How to represent delay between actions in SDDP?

Hi all. I am interested in building an SDDP.jl model where I want to incorporate some sort of minimum delay between consecutive actions.

If I was doing a standard MILP, I would say something like, I have a decision variable x_t \geq 0 for a series of some time points, you can think of it as the quantity of a product ordered at time t.

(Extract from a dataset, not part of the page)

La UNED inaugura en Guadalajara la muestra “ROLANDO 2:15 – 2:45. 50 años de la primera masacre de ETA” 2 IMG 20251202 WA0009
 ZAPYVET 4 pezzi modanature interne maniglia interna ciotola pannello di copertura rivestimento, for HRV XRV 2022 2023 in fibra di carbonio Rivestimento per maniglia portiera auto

Let’s say I want to enforce a minimum delay l between 2 placements of orders, then I could introduce binary variables y_t and two constraints to enforce this:

  • x_t \leq M * y_t \quad \forall t
  • \sum_{i=t}^{t+l-1} y_{t} \leq 1 \quad \forall t

I am having difficulty to think how to represent this in SDDP. Can someone help out?

As a further inquiry, and at risk of splitting the topic into two, is there some “library” of common (I assume) modeling motifs like this that are used across SDDP (or these sequential decision problems in general)?

To pass information between stages, you must add the information as a state variable.

See Access variables from a previous stage · SDDP.jl

You could do something like:

SDDP.LinearPolicyGraph() do sp, t
    l = 3
    @variable(sp, y_state[1:l], SDDP.State, Bin, initial_value = 0)
    @constraint(sp, [i in 2:l], y_state[i].out == y_state[i-1].in)
    @constraint(sp, sum(y_state[i].out for i in 1:l) <= 1)
    y_t = y_state[1].out
end

is there some “library” of common (I assume) modeling motifs like this that are used across SDDP (or these sequential decision problems in general)?

Nope. I’ve put some effort into the documentation at https://sddp.dev, but it leaves a lot to be desired.

1 Like

Thanks @odow!

Regarding documentation, I am wondering if we could work on a section somewhere that discusses how to talk about translation of these types of constraints from the typical deterministic formulation to the stagewise state variable formulation in a more generic way that might help ward off at least some % of questions like mine. For example in my case, leading a reader to see that the second constraint requires keeping a window of l orders for each time indexed node t, the elements of which (y_state[i]) giving whether or not an order was placed today, yesterday, etc, with the sum constraint obviously enforcing only 1 order/period. And that the “diagonal” (if drawn out horizontally) constraints between time nodes (your second constraint) moves information on orders between days (i.e. today’s order info becomes tomorrow’s info on yesterday, etc), which finally drops out after l days. And the implicit (added by SDDP) constraints that the out from t becomes the in for t+1 transfer the information across nodes.

Do you think some extension to the Access variables from a previous stage · SDDP.jl page with more description of this sort, perhaps with diagrams would be useful?

1 Like

Suggestions for improvements to the docs are always helpful. Feel free to open a PR.

p.s., I think you’re also massively overestimating how many people use SDDP.jl :smile: It’s somewhere in the 10^1 range, and definitely <<10^2. Also note that even if you model your problem like this, the policy we find might be quite suboptimal. There’s no guarantee we can find an optimal policy, or even a good one.

1 Like